= Problem to work on =
Below are records that contain pictures; transcribe the text exactly and omit the pictures.

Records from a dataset
==============================

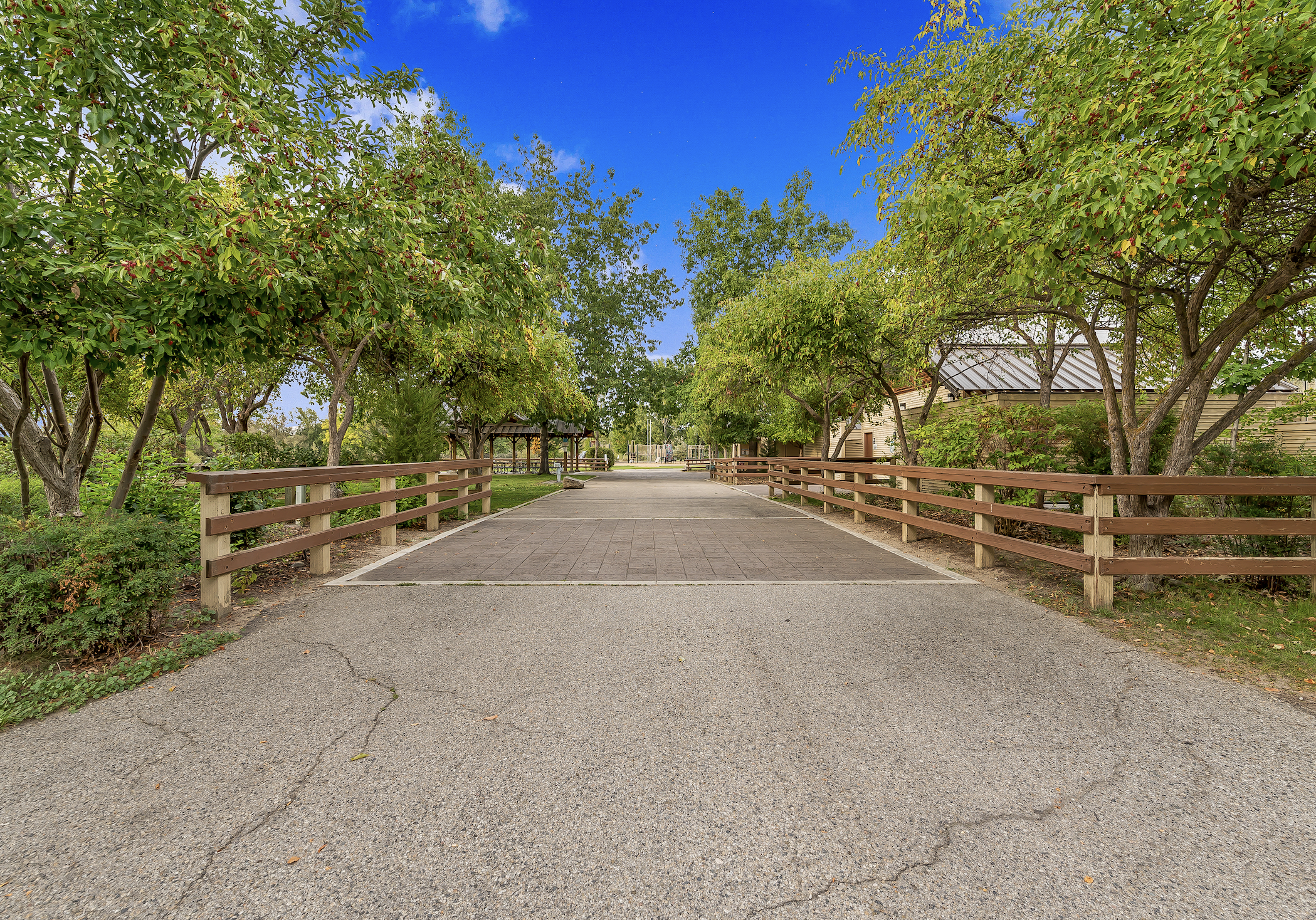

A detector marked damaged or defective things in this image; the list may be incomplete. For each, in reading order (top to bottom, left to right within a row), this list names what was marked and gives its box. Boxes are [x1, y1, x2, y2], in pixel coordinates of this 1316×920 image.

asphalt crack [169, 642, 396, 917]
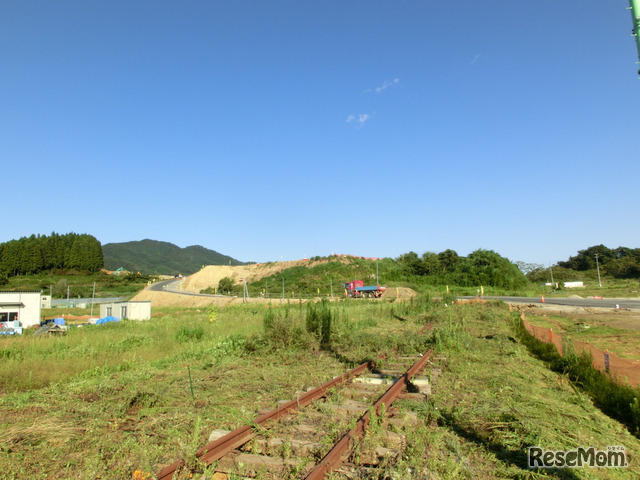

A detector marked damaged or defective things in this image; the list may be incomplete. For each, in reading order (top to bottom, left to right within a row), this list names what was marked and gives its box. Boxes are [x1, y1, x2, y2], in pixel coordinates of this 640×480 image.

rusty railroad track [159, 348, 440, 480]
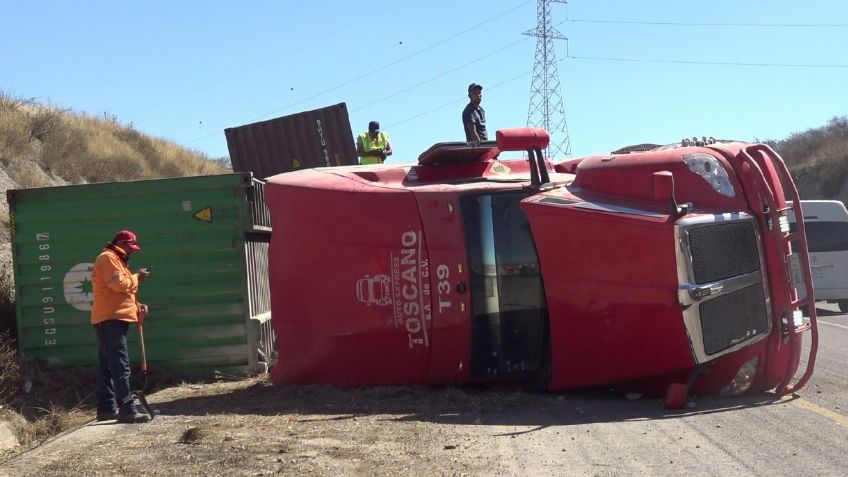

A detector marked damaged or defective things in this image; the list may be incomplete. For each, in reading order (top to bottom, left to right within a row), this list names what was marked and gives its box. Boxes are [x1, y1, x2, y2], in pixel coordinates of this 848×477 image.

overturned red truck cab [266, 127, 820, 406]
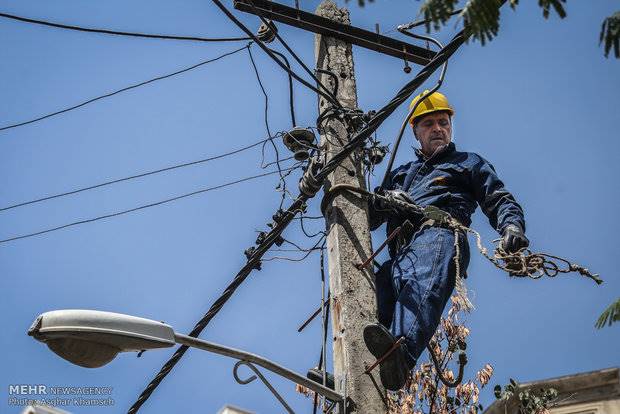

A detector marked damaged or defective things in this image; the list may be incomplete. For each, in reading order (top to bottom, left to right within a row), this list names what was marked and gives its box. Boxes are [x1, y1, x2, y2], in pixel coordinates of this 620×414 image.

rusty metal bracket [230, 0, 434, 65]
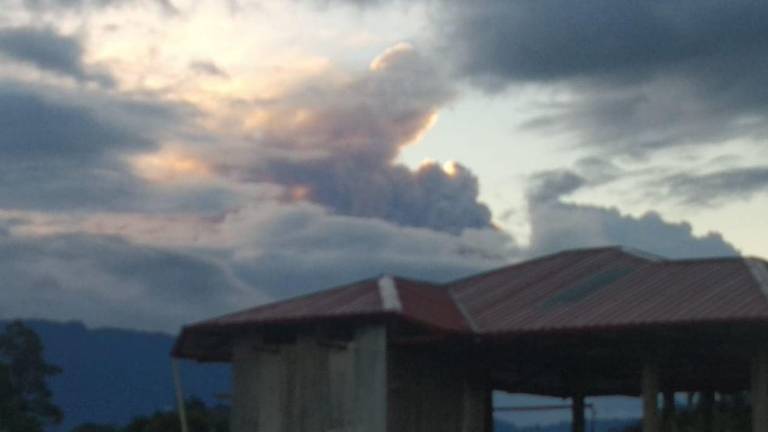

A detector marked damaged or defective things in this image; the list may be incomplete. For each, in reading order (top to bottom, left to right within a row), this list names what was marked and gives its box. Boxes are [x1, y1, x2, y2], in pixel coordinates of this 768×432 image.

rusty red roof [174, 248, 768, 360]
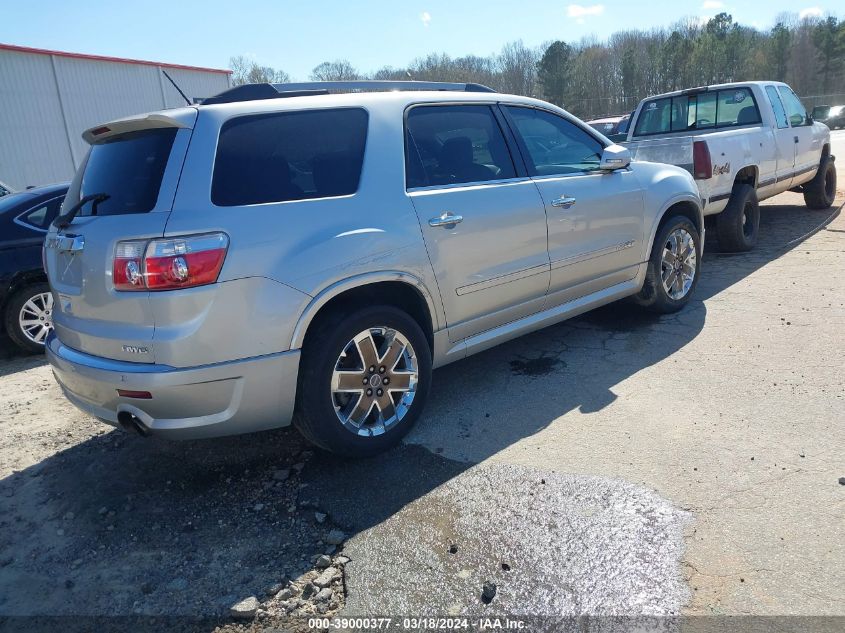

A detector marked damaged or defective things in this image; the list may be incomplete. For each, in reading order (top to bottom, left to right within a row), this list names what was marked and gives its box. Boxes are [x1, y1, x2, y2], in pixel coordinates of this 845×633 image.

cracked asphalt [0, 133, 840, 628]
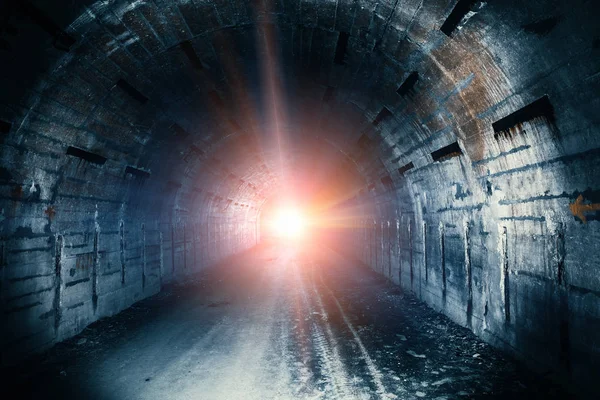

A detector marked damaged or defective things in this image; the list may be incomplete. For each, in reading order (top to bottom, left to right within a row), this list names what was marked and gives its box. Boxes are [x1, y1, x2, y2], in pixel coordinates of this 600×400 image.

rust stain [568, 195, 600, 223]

==============================

= Worked solution =
A detector marked damaged or defective things in this image; the list may be incomplete. For each, in reading order (top to bottom, left to right within a row), this list names what was marked and gives its box. Boxes are [x1, y1, x2, y2], in pixel coordinates of this 1316×920 image.

asphalt crack [169, 642, 396, 917]

A detector marked damaged or defective things in this image; the list may be incomplete. For each, in reading order (top to bottom, left to right within a row), this list names what was marked and gives its box. Boxes are [x1, y1, x2, y2], in pixel coordinates of this 640×480 image.

rusty railroad track [159, 348, 440, 480]

A detector marked damaged or defective things in this image; the list may be incomplete. For each, in reading order (top to bottom, left to right within a row), this list names what was marked and gives its box. Boxes are [x1, y1, x2, y2], in pixel coordinates of this 848×477 image.

overturned red truck cab [266, 127, 820, 406]

A detector marked damaged or defective things in this image; the list may be incomplete. For each, in reading order (top to bottom, left to right within a row), this list names what was marked and gives its box. Boxes are [x1, y1, x2, y2], in pixel coordinates of this 620×414 image.

rusty metal bracket [230, 0, 434, 65]

A detector marked damaged or defective things in this image; the list may be incomplete. For each, in reading order (top to bottom, left to right within a row), this list names what was marked and gives its box. Boxes are [x1, y1, x2, y2], in pixel coordinates of this 768×432 image.

rusty red roof [174, 248, 768, 360]

A detector marked damaged or defective things in this image; the list may be incomplete. For each, in reading order (top to bottom, left to right within a row), this list names what was marked and gives its box. Boxes are [x1, y1, x2, y2], in pixel coordinates of this 845×633 image.

cracked asphalt [0, 133, 840, 628]

A detector marked damaged or defective things in this image; the list may be incomplete. For each, in reading order (top to bottom, left to right within a row), this list names what was marked and gives its box. Boxes are [x1, y1, x2, y2], in pixel coordinates of this 600×400 image.

rust stain [568, 195, 600, 223]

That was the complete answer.